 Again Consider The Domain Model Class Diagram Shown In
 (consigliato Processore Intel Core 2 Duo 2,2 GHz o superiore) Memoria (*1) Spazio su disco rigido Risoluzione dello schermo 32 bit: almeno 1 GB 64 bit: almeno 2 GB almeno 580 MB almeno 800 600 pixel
◇ ◇ ◇
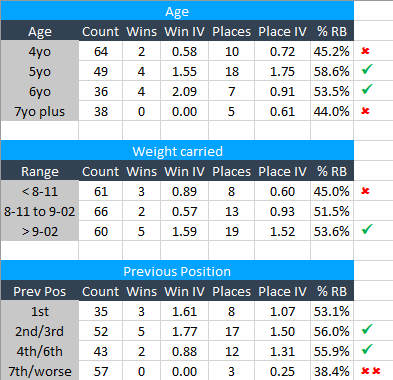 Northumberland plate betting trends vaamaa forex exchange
◇ ◇ ◇
■ REQUIREMENT
When the line with "Again Consider The" is reached in the data above, start copying there, and copy each line exactly until the line with "(consigliato Processore Intel" has been copied; copy nothing else.

■ ANSWER TO THIS EXERCISE
 Again Consider The Domain Model Class Diagram Shown In
 (consigliato Processore Intel Core 2 Duo 2,2 GHz o superiore) Memoria (*1) Spazio su disco rigido Risoluzione dello schermo 32 bit: almeno 1 GB 64 bit: almeno 2 GB almeno 580 MB almeno 800 600 pixel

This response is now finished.